When Wu chose to pursue a PhD, some of Wu’s relatives voiced concerns. “They believe what an ideal life looks like is working a steady job and getting married early,” Wu recalled, “They couldn’t understand why I would want to continue my education in a challenging discipline and then probably land a demanding job.” A strongly independent person, Wu was determined to follow through on her passion and vision. “I want to make a living on my own, without having to depend on anyone, no matter how much effort it might require.”
Wu’s choice, as it seems today, yielded great fruit. Fresh from graduating with excellent grades, she is now a postdoctoral fellow at the Commonwealth Scientific and Industrial Research Organization (CSIRO) in Australia.
Wu’s story began years ago when she was an undergraduate in computer science at NYU Shanghai. “It was so interesting to learn how games actually work because I, though a game player, had never given much thought to how games were made and run on a computer.” Wu also got increasingly better, writing a few small programs of her own. “I was so excited when my codes worked.”
Wu with Professor Keith Ross
It was around that time that Wu met Keith Ross, Professor of Computer Science and Dean of Computer Science, Data Science, and Engineering, who would later become her PhD supervisor. Ross regularly offered research opportunities to his students during the summer, in which Wu actively took part almost every time. These summer researches, furthering her passion for computer science, laid the foundation for her advanced education in the field later.
Encouraged by her curiosity and interest in research, Wu contemplated an application to a PhD program. “I love reading research papers to see what topics are being discussed, discover unresolved problems, and try to come up with solutions.” Although Ross was open to accepting Wu as his PhD student, he still encouraged her to actively apply to other top universities. After considering the factors of supervisor, research area, and school, Wu eventually chose to continue apprenticing under Ross at NYU Shanghai.

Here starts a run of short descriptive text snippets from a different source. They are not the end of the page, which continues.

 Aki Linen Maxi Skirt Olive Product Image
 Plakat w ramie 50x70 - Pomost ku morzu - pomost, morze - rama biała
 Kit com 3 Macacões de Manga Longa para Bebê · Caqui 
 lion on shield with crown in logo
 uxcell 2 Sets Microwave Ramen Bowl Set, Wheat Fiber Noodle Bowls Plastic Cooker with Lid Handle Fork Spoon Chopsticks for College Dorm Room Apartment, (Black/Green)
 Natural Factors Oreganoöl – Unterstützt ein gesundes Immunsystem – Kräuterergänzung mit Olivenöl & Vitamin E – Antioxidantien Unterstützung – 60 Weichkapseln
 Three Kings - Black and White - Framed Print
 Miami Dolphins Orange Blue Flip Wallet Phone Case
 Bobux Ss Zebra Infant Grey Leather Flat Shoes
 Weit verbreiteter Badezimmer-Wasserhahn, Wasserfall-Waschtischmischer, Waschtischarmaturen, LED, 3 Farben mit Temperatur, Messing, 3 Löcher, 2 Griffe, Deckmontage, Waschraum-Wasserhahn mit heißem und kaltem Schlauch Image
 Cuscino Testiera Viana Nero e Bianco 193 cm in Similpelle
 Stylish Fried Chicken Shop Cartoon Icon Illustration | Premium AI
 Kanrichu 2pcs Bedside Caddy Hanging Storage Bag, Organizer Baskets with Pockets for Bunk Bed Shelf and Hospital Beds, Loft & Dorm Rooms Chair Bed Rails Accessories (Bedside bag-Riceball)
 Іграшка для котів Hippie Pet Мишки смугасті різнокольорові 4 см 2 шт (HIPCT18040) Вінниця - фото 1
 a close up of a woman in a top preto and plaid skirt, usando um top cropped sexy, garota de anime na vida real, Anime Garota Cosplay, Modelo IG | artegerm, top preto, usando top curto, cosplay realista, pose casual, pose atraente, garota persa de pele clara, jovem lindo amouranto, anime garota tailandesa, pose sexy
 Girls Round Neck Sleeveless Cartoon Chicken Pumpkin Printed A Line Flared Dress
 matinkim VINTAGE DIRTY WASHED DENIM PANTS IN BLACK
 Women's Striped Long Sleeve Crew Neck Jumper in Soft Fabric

Wu (in the middle of front row) with her PhD fellows
Ross’s “lifelong learning” spirit made a profound impact on Wu. In her first year, Wu's team embarked on a new journey of exploring the realm of reinforcement learning. “Keith’s longtime research focus was in computer networks, and he had accomplished tremendous heights,” said Wu. Though Ross’s doctoral dissertation decades ago was relevant to reinforcement learning, picking it up again was “still like starting over”. “I think it took tremendous courage to do what Keith did and I carried this valuable lesson with me,” Wu added.
Under Ross, the team Wu was in forged a nurturing and encouraging culture, which allowed her to fully experience the true meaning of education. Following Ross’s suit, the PhD students, Wu included, were more than happy to train undergraduates in their research endeavors. “One of the undergraduates we worked with was extremely hardworking and talented. She eventually joined a PhD program in another top university under a prestigious professor,” Wu recalled, “ We were all very happy for her.” Ross and the whole team helped Wu realize that the goal of education is not about getting students to join a certain team or program but about “selflessly providing learning opportunities so that both the educators and the students would improve and unlock more possibilities.”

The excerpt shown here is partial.